It was that moment when the person asking to sit in the most respected seat in our country imitated a disabled reporter, someone he outranked in privilege, power, and the capacity to fight back. It -- it kind of broke my heart when I saw it. And I still can't get it out of my head because it wasn't in a movie. It was real life.Meryl Streep is my hero, and not for the first time. She said what needed to be said about President-elect Donald Trump in her speech at the Golden Globe Awards. When Trump mocked reporter Serge Kovaleski's physical disability, he should have been shunned by everyone, including sane members of the GOP, and eliminated from the field of candidates.
And this instinct to humiliate, when it's modeled by someone in the public platform, by someone powerful, it filters down into everybody's life, because it kind of gives permission for other people to do the same thing. Disrespect invites disrespect. Violence incites violence. When the powerful use their position to bully others, we all lose.
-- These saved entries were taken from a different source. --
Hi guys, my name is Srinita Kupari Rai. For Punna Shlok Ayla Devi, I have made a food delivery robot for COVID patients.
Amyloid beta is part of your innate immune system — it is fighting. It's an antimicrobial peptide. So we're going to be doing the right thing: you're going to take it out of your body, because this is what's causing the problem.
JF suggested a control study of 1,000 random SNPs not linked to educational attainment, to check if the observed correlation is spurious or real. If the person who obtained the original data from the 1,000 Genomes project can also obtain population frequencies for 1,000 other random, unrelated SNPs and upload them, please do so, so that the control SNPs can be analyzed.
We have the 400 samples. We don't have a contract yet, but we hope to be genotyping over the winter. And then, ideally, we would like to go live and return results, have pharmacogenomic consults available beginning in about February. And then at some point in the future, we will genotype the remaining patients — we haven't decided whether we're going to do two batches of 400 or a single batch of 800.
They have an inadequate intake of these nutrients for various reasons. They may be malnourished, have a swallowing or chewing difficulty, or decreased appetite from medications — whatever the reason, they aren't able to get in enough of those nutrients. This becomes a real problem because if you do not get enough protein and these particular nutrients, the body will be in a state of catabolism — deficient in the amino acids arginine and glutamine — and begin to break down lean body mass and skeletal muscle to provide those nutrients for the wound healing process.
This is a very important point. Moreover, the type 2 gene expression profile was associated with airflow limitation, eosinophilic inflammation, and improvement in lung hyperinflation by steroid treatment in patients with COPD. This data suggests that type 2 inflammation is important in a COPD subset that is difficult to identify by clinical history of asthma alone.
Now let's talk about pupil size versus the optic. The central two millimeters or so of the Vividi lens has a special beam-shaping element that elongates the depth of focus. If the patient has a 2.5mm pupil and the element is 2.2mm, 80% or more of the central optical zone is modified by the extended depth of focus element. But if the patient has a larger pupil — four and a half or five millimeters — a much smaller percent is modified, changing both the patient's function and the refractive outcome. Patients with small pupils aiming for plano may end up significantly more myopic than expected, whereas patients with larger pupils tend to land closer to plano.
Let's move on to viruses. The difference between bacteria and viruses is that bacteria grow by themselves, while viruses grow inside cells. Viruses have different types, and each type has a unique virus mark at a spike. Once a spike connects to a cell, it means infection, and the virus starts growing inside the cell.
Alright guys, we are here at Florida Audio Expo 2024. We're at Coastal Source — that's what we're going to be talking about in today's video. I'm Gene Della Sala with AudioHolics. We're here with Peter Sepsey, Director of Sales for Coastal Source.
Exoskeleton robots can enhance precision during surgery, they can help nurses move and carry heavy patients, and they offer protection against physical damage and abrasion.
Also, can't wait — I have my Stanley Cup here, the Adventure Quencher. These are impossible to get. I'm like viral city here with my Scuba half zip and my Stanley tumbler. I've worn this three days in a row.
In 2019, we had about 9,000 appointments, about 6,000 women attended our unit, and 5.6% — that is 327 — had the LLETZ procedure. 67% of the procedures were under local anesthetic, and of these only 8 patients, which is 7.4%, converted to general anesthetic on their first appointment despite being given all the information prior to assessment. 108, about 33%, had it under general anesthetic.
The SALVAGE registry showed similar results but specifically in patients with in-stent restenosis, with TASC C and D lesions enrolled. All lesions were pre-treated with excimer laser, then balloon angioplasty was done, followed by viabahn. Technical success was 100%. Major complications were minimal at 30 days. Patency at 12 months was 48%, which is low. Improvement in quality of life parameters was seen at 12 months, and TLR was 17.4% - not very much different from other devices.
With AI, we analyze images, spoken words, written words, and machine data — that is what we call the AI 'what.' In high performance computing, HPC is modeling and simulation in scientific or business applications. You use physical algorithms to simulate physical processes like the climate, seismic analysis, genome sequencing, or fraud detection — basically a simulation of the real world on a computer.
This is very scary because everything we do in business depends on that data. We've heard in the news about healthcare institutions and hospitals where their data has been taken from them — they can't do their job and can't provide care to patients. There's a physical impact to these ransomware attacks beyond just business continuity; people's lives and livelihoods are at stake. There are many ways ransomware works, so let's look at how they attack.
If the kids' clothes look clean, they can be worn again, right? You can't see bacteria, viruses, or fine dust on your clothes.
When the tape of Trump boasting about assaulting women was released, his candidacy should have been finished, over, done, but that did not happen.
Trump invited his friend Putin to hack Hillary Clinton's email, and I don't recall a GOP outcry at the time. The vast majority, if not all, Republican members of Congress endorsed Trump in the end. Putin followed through, hacked the Clinton campaign's email server, and interfered with the election. Now, too little, too late, a few Republican leaders are "concerned". That Trump is unfit to serve as president is obvious, but where were the sane Republicans who should have been speaking out forcefully against Trump for months and months?
Also, now that the election is over, Democrats are far too quiet about Trump's unfitness to suit me. The Democratic leadership, with some exceptions, seems overly focused on a smooth transition of power, but a smooth transition to what? Maybe the focus should be on the disastrous nightmare that will follow the smooth transition. WTF?